Following the USA as it makes its way through the World Cup, and some backpacking along the way.

Tuesday, May 30, 2006

Welcome to Sarajevo

Id have to say that Sarajevo has been my favorite city so far.

When I had talked to other travelers about Sarajevo they were like "Wow your going there?" So I guess its really off of the backpackers trail. When I got on the train I was expecting to not see any other travelers but actually there was an American couple and four American college girls traveling there. In my car was also a lady from Croatia, Julijana, who ended up giving me a lot of advice on what to check out (Cevapcici!) an expect as well.

The train ride ended up not being too bad and overnight besides the several stops at borders for customs guards was uneventful. The worst part actually was that my allergies finally kicked in overnight and by the time I arrived in Sarajevo in early morning my eyes were red and puffed up and I was full of phlegm. Not a preaty sight.

But Sarajevo was. It is surrounded by picturesque mountains on almost every side and looked rather inviting.

The train station was a communist relic and when I got off the train there was a lady for a hostel pushing her card at me. Another American tourist was going to check it out as well, and they offered a free ride into the city. So I took up the offer.

When I got there I decided I didn't really want to stay at a hostel so I asked about the private rooms and the lady showed me a room in a building not too far. It was great. I had a huge room to myself, located right next to the old town, and a nice older lady as the owner all for 15 euros a night. It was great.

After getting a few hours of sleep I took a tour around the city which took us up into the mountains and also showed us the a tunnel that the people of Sarajevo used when they were under seige from 1992-1995. It went underneath the airport and was the only lifeline to the outside world.

The scars of war are still everywhere in Sarajevo. Where ever you look there are still buildings that have bullet holes in them. If you just wander around there are also burned out hulls of buildings right next to a lively cafe.

From the hills you could still see the buildings that had been destroyed by the constant shelling as well as where the serbian snipers took position to shoot down citizens from the surrounding hills.

As a photojournalist I had to visit the Holiday Inn where the international media were staged during the seige.

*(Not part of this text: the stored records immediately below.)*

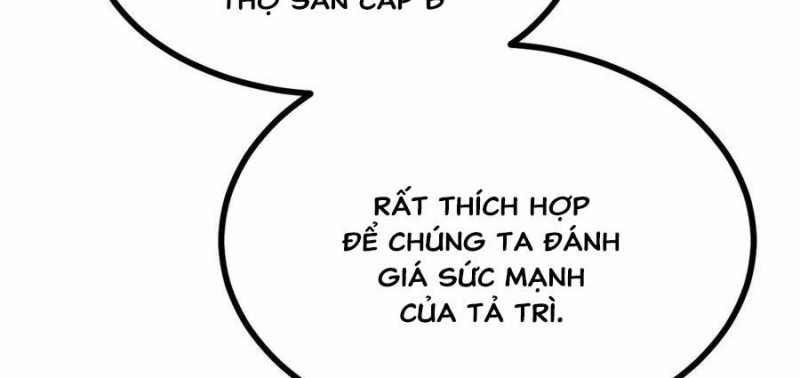 Sau Khi Chết, Ta Trở Thành Võ Đạo Thiên Ma 19 trang 97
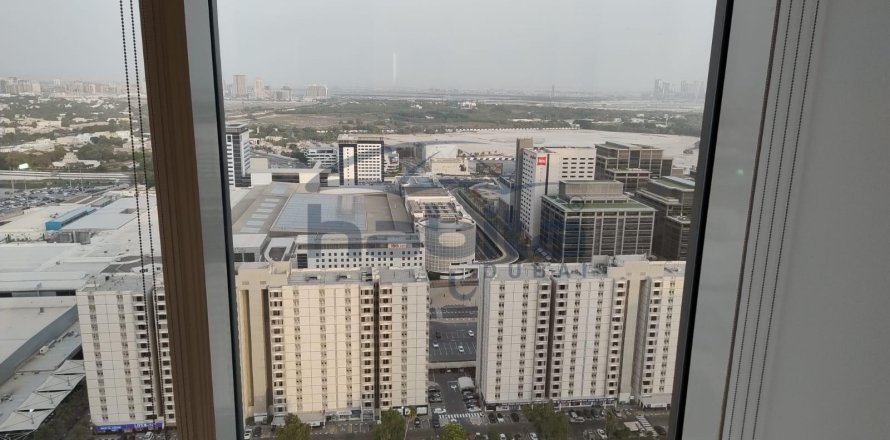 2 غرف نوم شقة في Sheikh Zayed Road, الإمارات العربية المتحدة رقم 35189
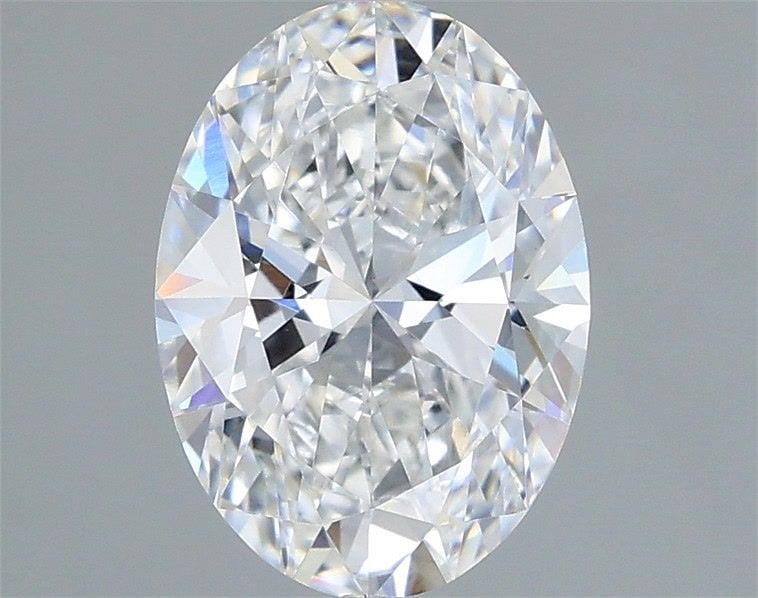 WISE Oval 2.02ct E VVS2 - Loose Lab Diamond: WISE Oval 2.02ct E VVS2 - Loose Lab Diamond Item Specifics: Source: This Is A Real Diamond Grown In A Lab Not Mined. Carat: 2.02 Cut: - Color: E Clarity: VVS2 Polish: EX Symmetry: EX Measurements: 9.9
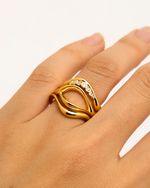 Conjunto Areia & Vento | Areia & Vento Set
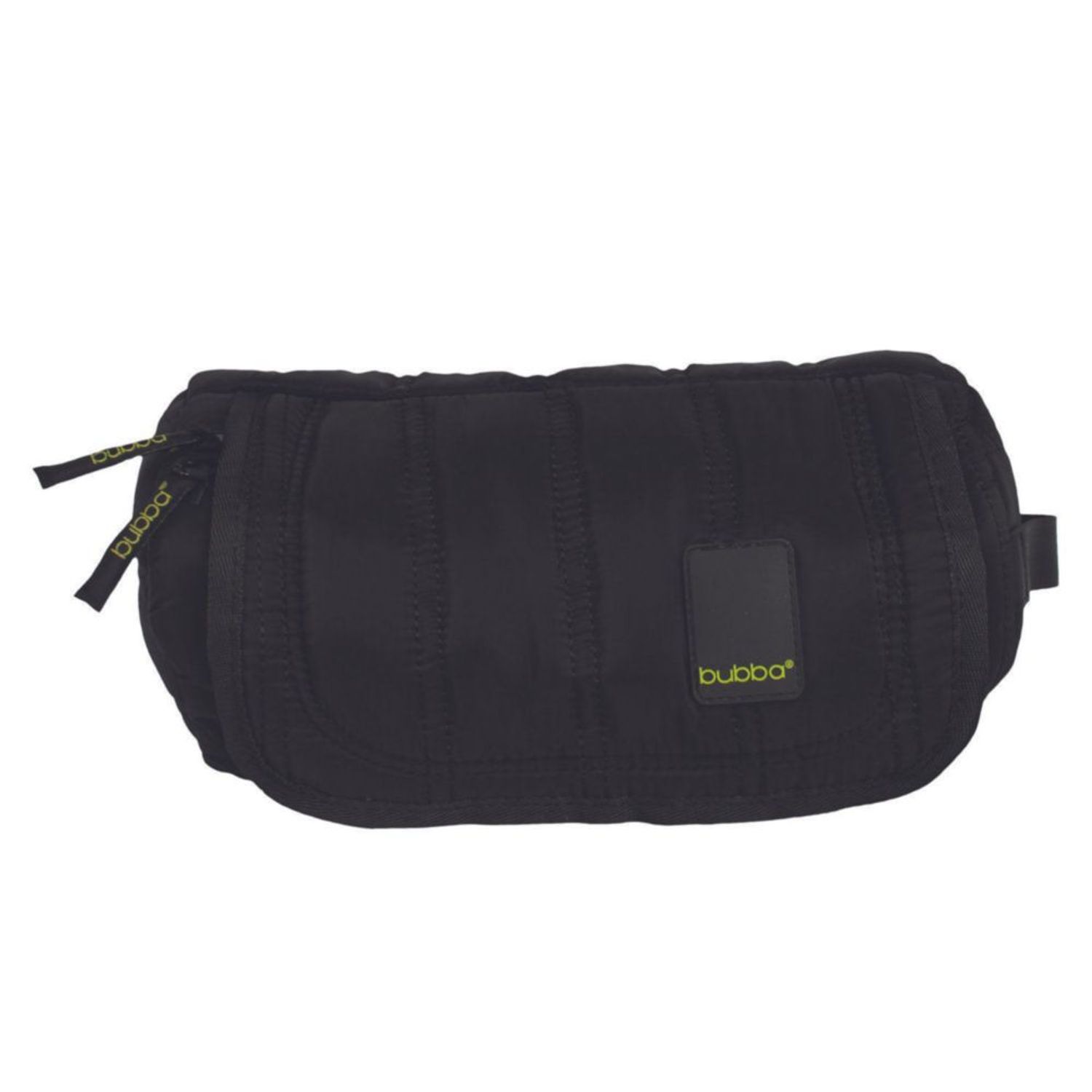 Neceser Bubba Mate Black Velvet | Oechsle - Oechsle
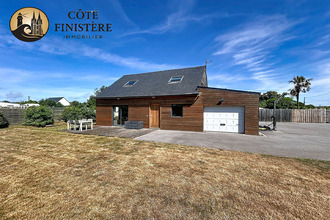  maison ploneour-lanvern 29720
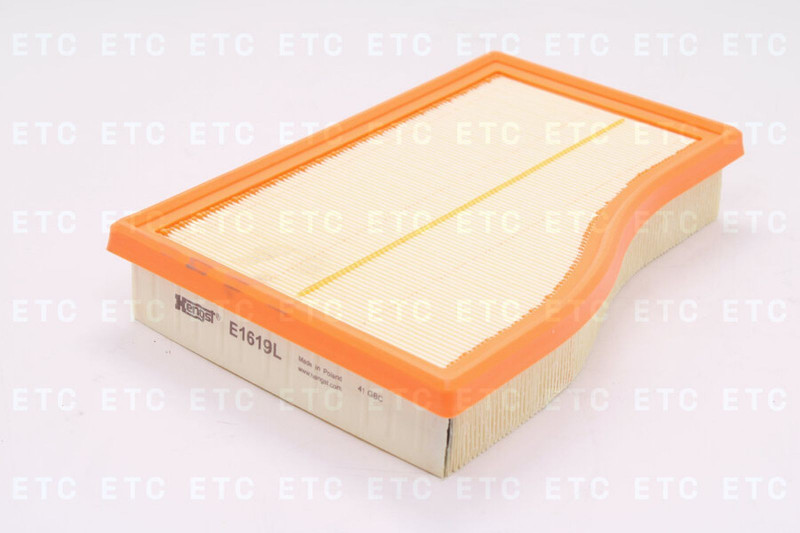 E1619L Фильтр воздушный — 1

But even with all the scars its evident that Sarajevo was and is and will be a beautiful city. At night if you walk down the main pedestrian boulevard of Ferhadija couple and families and tourist enjoy the stroll while the warm summer sun sets walking past rows and rows of openair cafes where people enjoy cappicino's and the local beer.
At sunset the muslim call to prayer fills the air, across from the Bill Gates Cafe.



I wish I had more pictures and I wish I had more time to check out the city but unfortunately my time backpacking around is starting to grow short. I have to be back in a week in Germany to get ready for the World Cup and still have to make it to Dubrovnik and Rome.